§ **Exercise**
Would you return exactly the lines below from the line with "Pink polka dot" through the line with "view of front", both included, and nothing else, leaving out the pictures?

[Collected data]
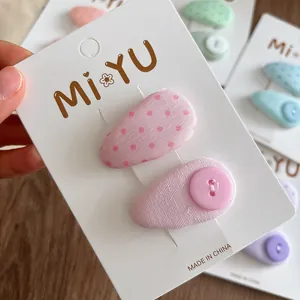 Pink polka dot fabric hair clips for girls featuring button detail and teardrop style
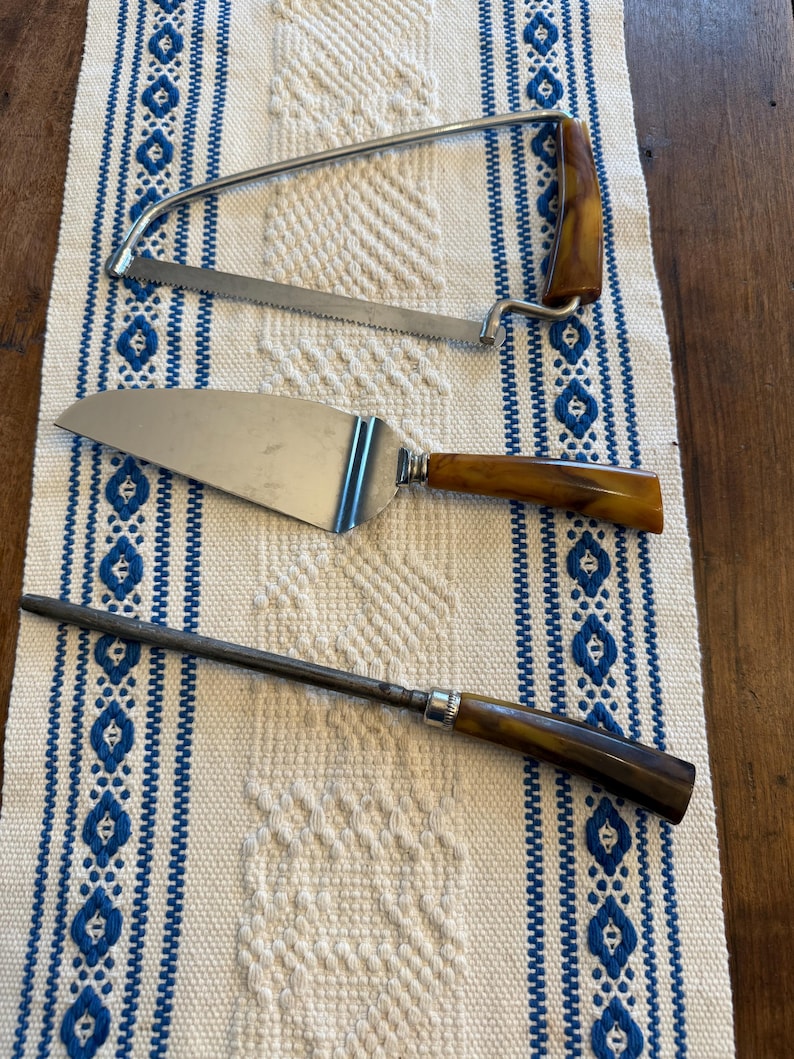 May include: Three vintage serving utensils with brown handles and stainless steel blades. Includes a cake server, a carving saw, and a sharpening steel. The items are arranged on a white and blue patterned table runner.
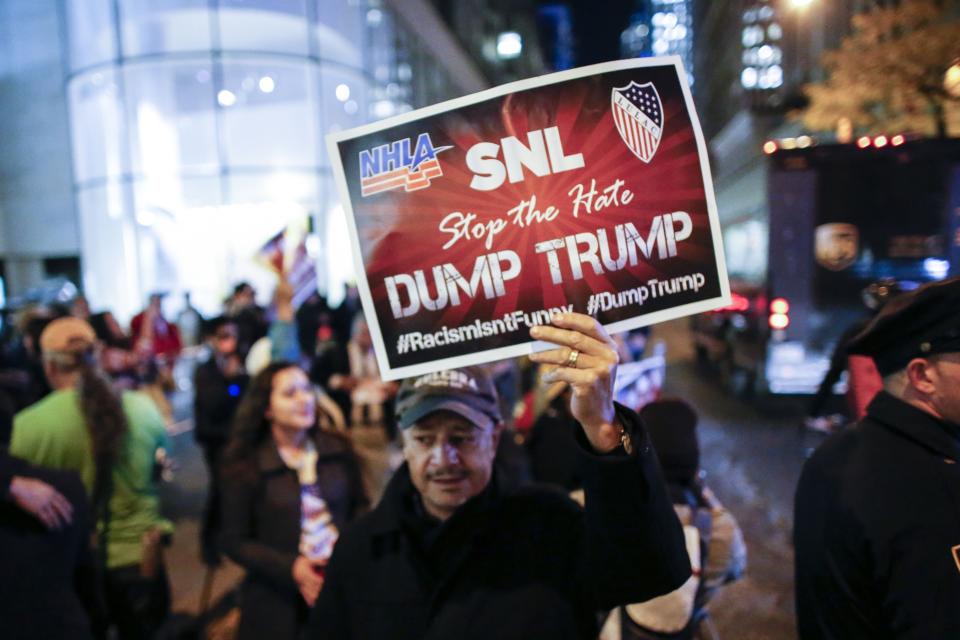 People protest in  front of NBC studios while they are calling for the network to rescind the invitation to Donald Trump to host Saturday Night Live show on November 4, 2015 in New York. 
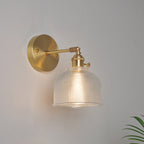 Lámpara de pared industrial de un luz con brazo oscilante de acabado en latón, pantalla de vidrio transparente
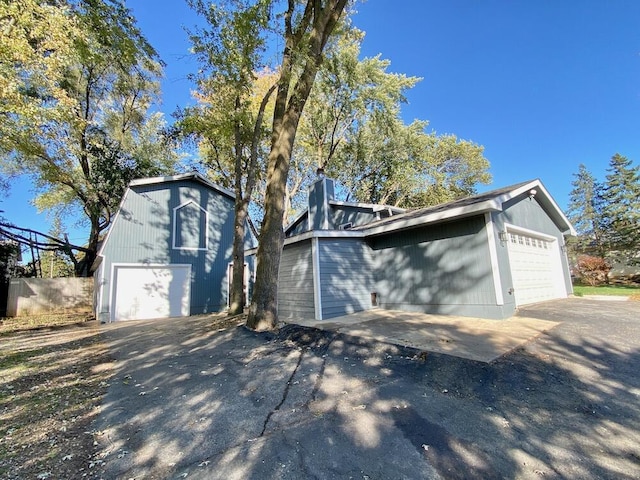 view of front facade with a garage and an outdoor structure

---

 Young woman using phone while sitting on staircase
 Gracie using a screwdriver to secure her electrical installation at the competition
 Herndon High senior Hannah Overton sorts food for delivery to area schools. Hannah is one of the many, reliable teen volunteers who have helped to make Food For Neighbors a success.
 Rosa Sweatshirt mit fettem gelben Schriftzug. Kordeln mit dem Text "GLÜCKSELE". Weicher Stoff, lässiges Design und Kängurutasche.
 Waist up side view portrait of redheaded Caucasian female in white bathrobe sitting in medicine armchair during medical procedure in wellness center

§ **Response**
 Pink polka dot fabric hair clips for girls featuring button detail and teardrop style
 May include: Three vintage serving utensils with brown handles and stainless steel blades. Includes a cake server, a carving saw, and a sharpening steel. The items are arranged on a white and blue patterned table runner.
 People protest in  front of NBC studios while they are calling for the network to rescind the invitation to Donald Trump to host Saturday Night Live show on November 4, 2015 in New York. 
 Lámpara de pared industrial de un luz con brazo oscilante de acabado en latón, pantalla de vidrio transparente
 view of front facade with a garage and an outdoor structure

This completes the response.